Gli organi di garanzia (tipo collegio dei probiviri)
non possono, a qualsiasi livello, essere scelti dall’au -
torità politica. Altrimenti l’autonomia del controllo
va a farsi benedire.
L’Idv dovrebbe adottare l’anagrafe più trasparente
degli eletti e dei propri esponenti di spicco: proprietà
e fonti di reddito devono essere rese pubbliche.
Alla fine della legislatura i cittadini devono poter
verificare se l’eletto abbia tratto vantaggi indebiti
dalla sua carica. Il partito dovrebbe impegnarsi a
porre un proprio limite alla durata degli incarichi
elettivi.
Non so se la sola legislatura, indicata da Flores, sia un
limite praticabile e utile ma, intanto, porre con rigore
il limite delle due legislature sarebbe comunque
un passo avanti. Va da sé che l’Idv dovrebbe
puntare sempre a realizzare la parità di genere negli
incarichi elettivi e direttivi.
C’è infine un punto su cui il giudizio dei cittadini, e
in particolare quelli dei movimenti, sarà sempre più
impietoso: essere parente o convivente stretto di un
eletto non può essere condizione preferenziale per
la candidatura"
#1 mattia.pastrello 2010-01-05 12:24
Buongiorno On.
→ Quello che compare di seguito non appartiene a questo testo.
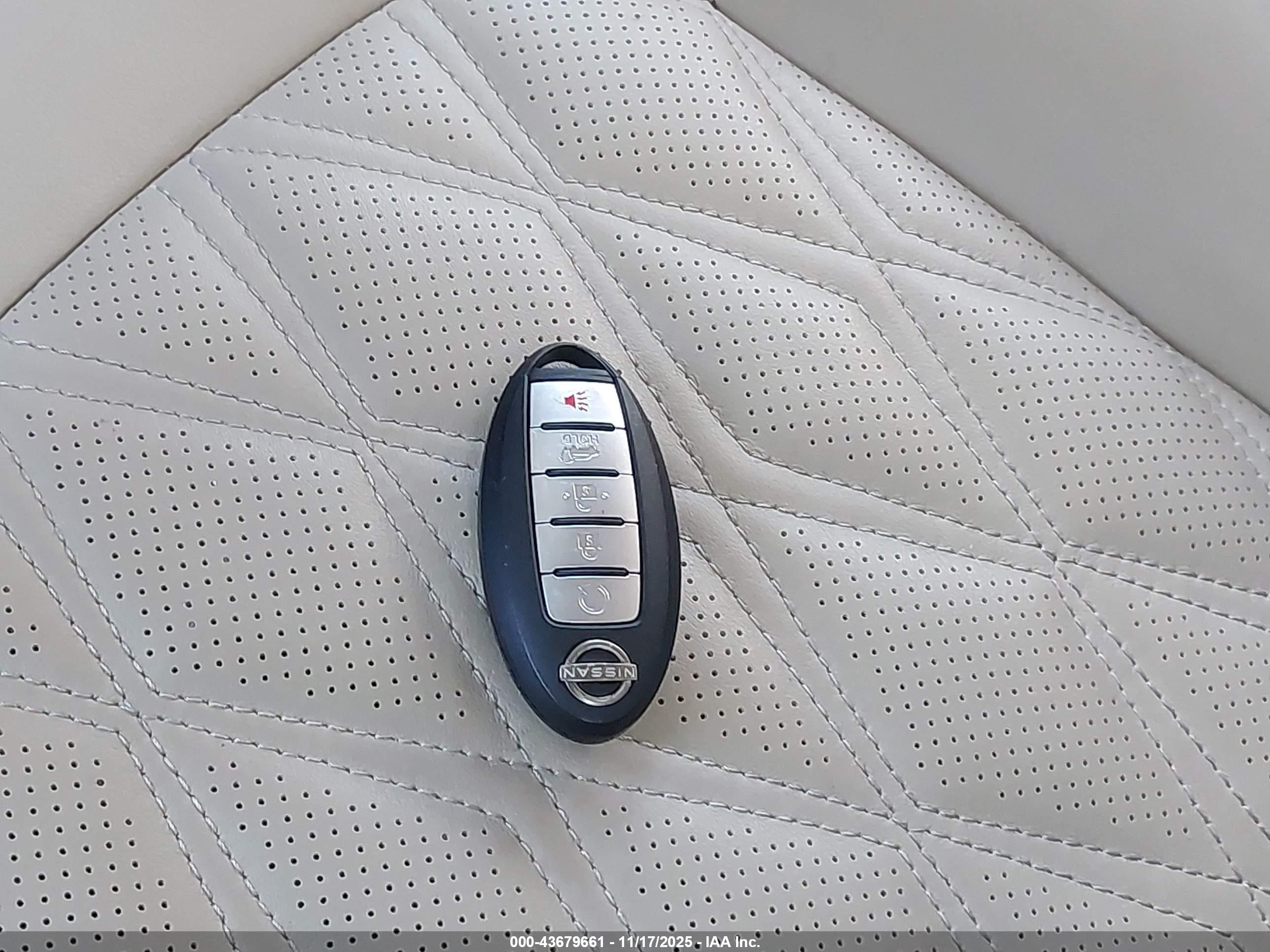 NISSAN ARMADA image 11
Borghesi, rimango stupito nel leggere questo articolo, onestamente rimango stupito perchè è la conferma che le mie speranze non son affatto mal riposte e che c'è ancora qualcuno, nella fattispecie Lei, che ha il coraggio di rivangare degli argomenti fondamentali.
Questo delle due legislature, in primis.
In una realtà socioculturale come quella italiana una proposta come questa, che io da sempre appoggio, risolverebbe molti potentati e giochi di potere, darebbe nuova linfa e nuovo slancio, permetterebbe l'abbandono dei soliti malcostumi che purtroppo ci contraddistinguono, smantellerebbe forse qualche antico feudo.
Non sono un candidato al Congresso, non sono un iscritto, ma son un libero cittadino italiano che la appoggia in quest'utopica proposta.
I miei più sinceri complimenti.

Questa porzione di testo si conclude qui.